You brush and floss just like you’re supposed to….but the dentist tells you you have a cavity anyway.

You’ve conducted your workflow development with as much rigor and care as humanly possible…but your configuration update fails to apply.

Sometimes things just don’t go your way. This is true with all things and, when it happens, it often leaves you scratching your head. When it comes to failed Configuration Updates, it’s sometimes difficult to figure out what went wrong, but there are some common pitfalls that affect everyone eventually. I’ll discuss a few of the more common ones with the hope that you are one of the fortunate ones who can avoid pain by learning from the experiences of others.

Pitfall #1: Developing directly on Production

The whole premise of the SDLC is that development only takes place in the development environment, and no where else. While this sounds simple, it’s a policy frequently broken. Workflow configuration is a rich network of related objects. Every time you define a relationship through a property that is either an entity reference or a set, you extend the “object network”. In fact, your entire configuration is really an extension of the core object network provided by the Extranet product.

The Extranet platform is designed from the ground up to manage this network, but its world is scoped to a single instance of a store. The runtime is not, and in the case of the SDLC, should not be aware of other environments. This means that it can make no assumptions about objects that exist in the store to which the configuration update is applied. It must assume that the object network in development reflects the object network in staging and production. Because of this, it’s trivially easy to violate this assumption by configuring workflow directly on production. If that’s done, all assumptions that the state of production reflects the state of development at the time the current round of development began are incorrect and the Configuration Update is likely to fail.

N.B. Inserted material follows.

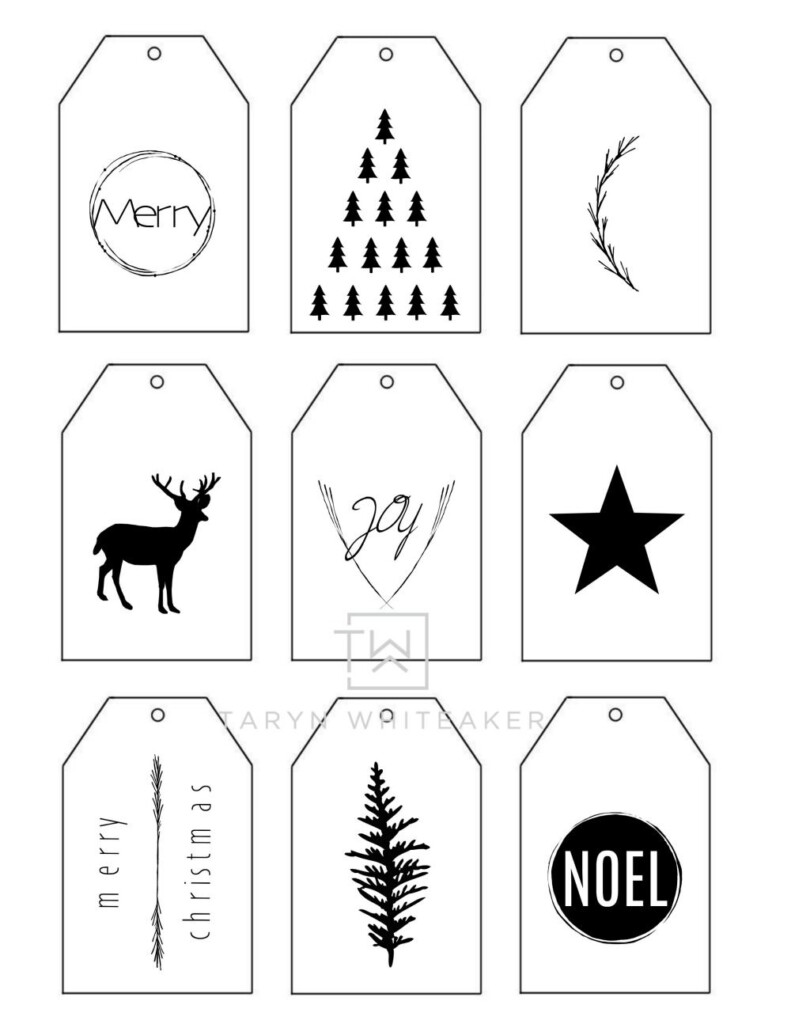 Printable Christmas Gift Tags Christmas Gift Tags Printable Free 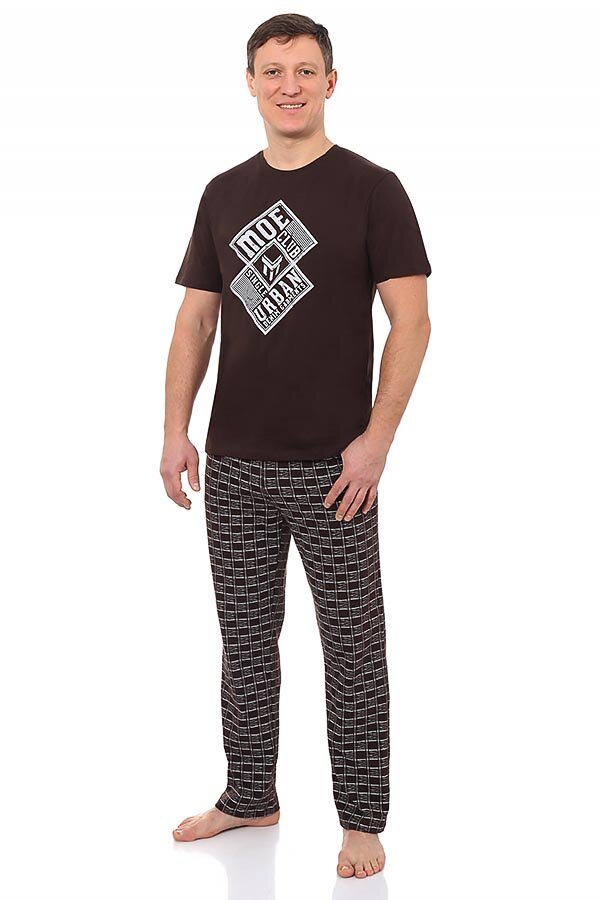 Пижама мужская Моё шоколад МП-2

Errors in the Patch Log that indicate you may be a victim of this pitfall will often refer to an inability to find entities or establish references.

One common cause for such an error is when you add a user to the development store but there is no corresponding user with the same user ID on production. Some objects include a reference to their owner. In the case of Saved Searches, for example, the owner will be the developer that created the saved search. In order to successfully install the new saved search on the target store, that same user must also exist there.

Troubleshooting this type of problem is tedious and sometimes tricky because it’s often necessary to unravel a portion of the object network. It’s a good idea to do whatever you can to avoid the problem in the first place when you can.

Bottom Line: Only implement your workflow on the development store and make sure that all developers have user accounts on development and production (TIP: You don’t need to make them Site Managers on production).

Pitfall #2: Not applying the update as a Site Manager

If your update fails to apply and you see a message that has this in the log entry:

Only the room owner(s) can edit this information.

you are probably not specifying the credentials for a site manager account when Applying the Update.

This can happen when a user is not provided in the Apply Update command via the Administration Manager or if the provided user is not a Site Manager. The installation of new or updated Page Templates causes edit permissions checks for each component on the page template and unless the active user is a Site Manager those checks will likely fail.

Bottom Line: Always specify a site manager user when applying a Configuration Update. Technically this isn’t always required depending upon the contents of the Configuration Update, but it’s easy to do so make a habit of doing it every time.

----

More pitfall avoidance tips next time….

Cheers!

Sunday, April 19, 2009

Limitations in my blogging approach, and what, if anything, to do about them

I’d like to take a minor time out from the SDLC discussion to solicit feedback on how to make this blog more useful. In my post back on March 2nd, I described that I’m actually hosting this blog at http://ResearchExtranet.blogspot.com then exposing into the Click Commerce site at Tom's Blog via an RSS Viewer component. This approach, while allowing me to use a wide array of authoring tools, does have some limitations for the reader. The two I have found the most inconvenient are:

BlogSpot recently decided to include an invisible pixel sized image into every post so they can track readership. This seemingly innocuous change is the cause for the Security Warning being displayed by the browser so the user sees a message that looks something like this: “This webpage contains content that will not be delivered using a secure HTTPS connection, which could compromise the security of the entire webpage.”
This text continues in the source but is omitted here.